A PERFECT TENSE? (some text hidden)

By Jonathan Crouch

The DS 7 Crossback offers a different way to go for 'D'-segment luxury SUV buyers. Especially in this plug-in E-TENSE form. Jonathan Crouch drives it.

Ten Second Reviewword count: 72

The DS 7 Crossback E-TENSE 4x4 represents this luxury French brand's more distinctive take on what a 'D'-segment luxury plug-in SUV should be. It can take you over 30 miles without emitting any CO2, manage 128mpg, sprint to sixty in six and a half seconds and even extricate you from a muddy carpark on your annual trip to Glastonbury. In short, it's a bit special - and is styled that way too.

Backgroundword count: 176

Looking at the various electrified alternatives the current car-buying customer now has on offer, it's sometimes hard not to think that the plug-in hybrid option is arguably the best. Mild hybrid tech doesn't make much difference to overall efficiency figures. And full-electric models still carry the scourge of 'range anxiety'. So being able to plug in to extend the range of a conventional petrol engine with a lithium-ion battery charge makes as much sense now as it did when we first saw plug-in models hit the market, nearly a decade ago. When it comes to SUVs, you'll generally need a mid-sized or larger one to be able to specify plug-in technology. The PSA Group makes a number of the various 'C'-segment SUVs that offer it - cars like hybrid versions of the Peugeot 3008, the Citroen C5 Aircross and the Vauxhall Grandland X. Plus the French conglomerate has also used the same tech for a slightly larger, more luxurious model that sits in the 'D'-segment just above - this car, the DS 7 Crossback E-TENSE 4x4.
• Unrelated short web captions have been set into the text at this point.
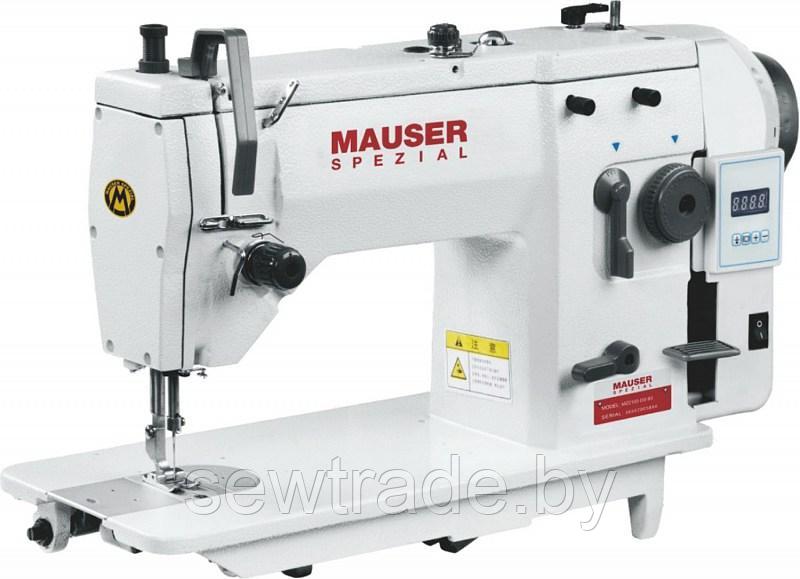 Промышленная швейная машина зиг-заг Mauser Spezial MZ2100-E0-63 - фото 1 - id-p183908195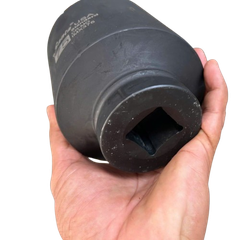 [Santa] Đầu típ hơi cr-mo 1" đen dài 120mm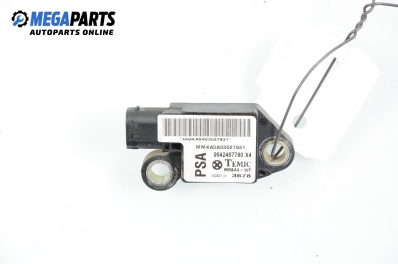 Сензор airbag за Citroen C5 I Break (06.2001 - 08.2004), № Temic MR8A4-WP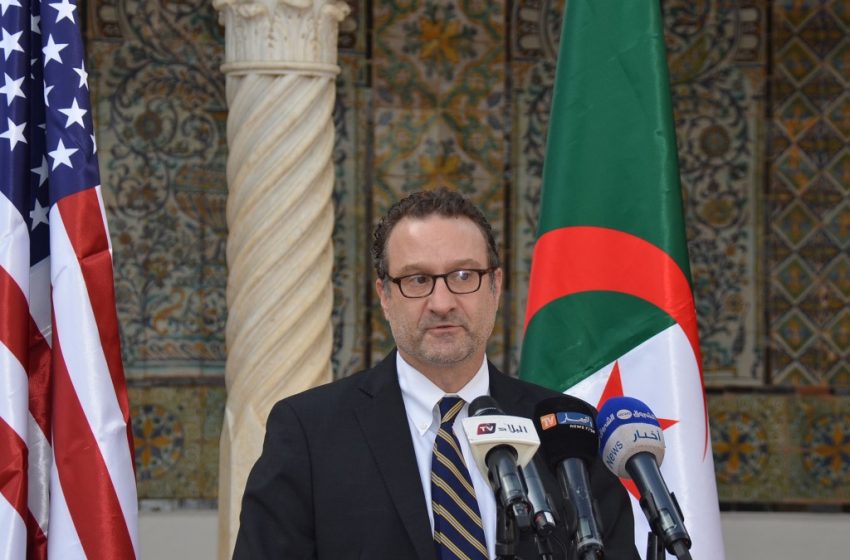  Maroc/Etats-Unis. David Schenker souligne à Alger la primauté du plan d’autonomie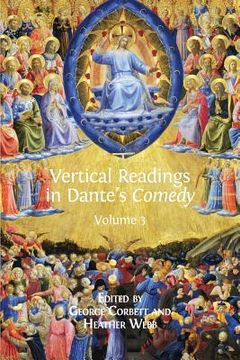 portada Vertical Readings in Dante's Comedy: Volume 3 (en Inglés)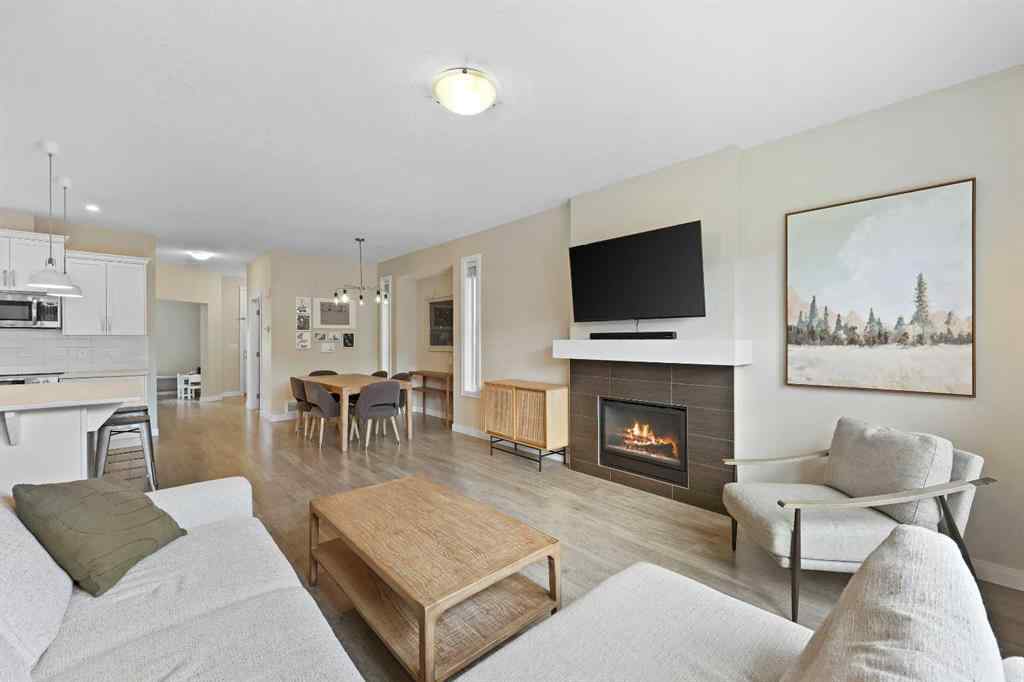 MLS® A2250560 - 130 Cooperswood Place SW in Coopers Crossing Airdrie, Residential
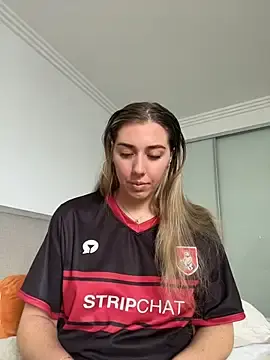 Stripchat Sex Cam of Aussielulu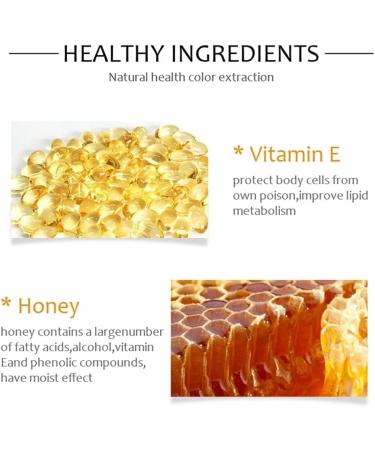 Vitamin E Lip Plumping Serum | Hyaluronic Lip Plumper for Instant Hydration & Wrinkle Relief (5pcs) - Buy Online on GoSupps.com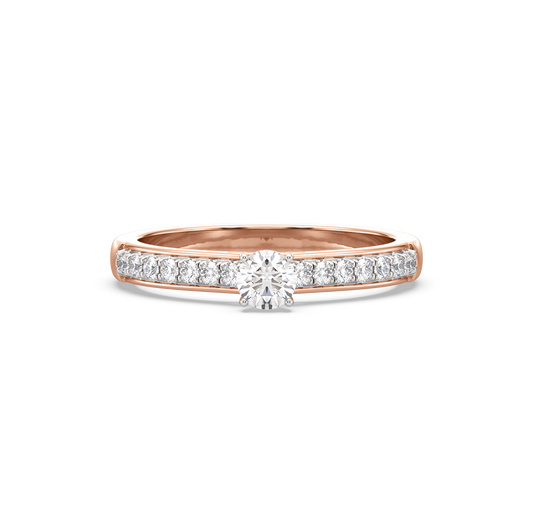 Customised ring RG21007-PH21043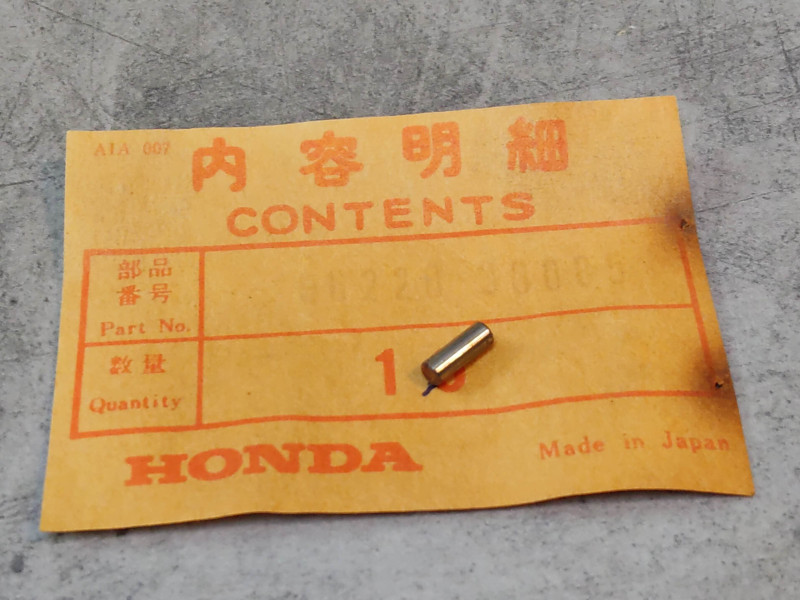 Rouleau 3x8.5mm HONDA 96220-30085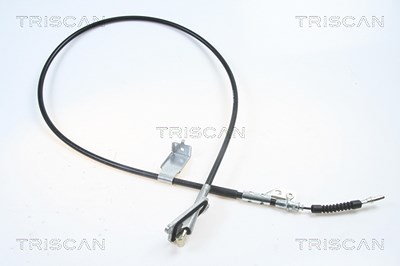 Triscan Handbremsseil Scheibenbremse Hinterachse [Hersteller-Nr. 814014167] für Nissan von TRISCAN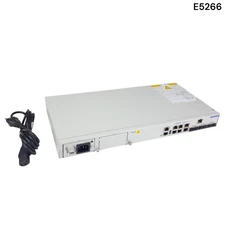 Adva FSP 150-GE114Pro 1078904720-01 Etherjack Carrier Device W/Power Cable E5266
Driving Experienceword count: 275

Unlike the DS brand's smaller electrified model, the DS 3 Crossback E-TENSE, this car isn't a full-electric SUV. Instead, a 200hp 1.6-litre petrol turbo engine beats beneath the bonnet, its efforts boosted by a 13.2kWh battery that powers an accompanying pair of 109hp electric motors which together boost total power output up to 300hp. That equates to a useful 450Nm of torque, which is transmitted to the tarmac via an eight-speed auto gearbox. 62mph from rest occupies 6.5s. When fully charged, this car can cover up to 31 WLTP-rated miles in zero emission form, though you won't go anywhere like that far if you explore the possibility for an 83mph all-electric top speed. There are four drive modes available. 'Zero emission' is the default setting, which sees functioning only using its electric motors. More commonly, you'll be running in 'Hybrid mode', which sees the electric motors and the engine efficiently working together. If you're pressing on, you'll use 'Sport' mode, which is engine-only. This is a 4x4 model and if you're off piste, you can make the most of that by engaging a '4WD' setting which activates the rear axle for all-wheel drive. So how does it all work in practice? Well as you might expect, the extra weight of all this electrified kit (around 400kgs) is certainly noticeable once you start pushing along a bit through the corners. But this is really only significantly evident once you start driving the car in a manner that few likely owners never will. Better to throttle back and enjoy the superb ride comfort and refinement and the relaxed, loping refined demeanour that suits this Gallic contender best.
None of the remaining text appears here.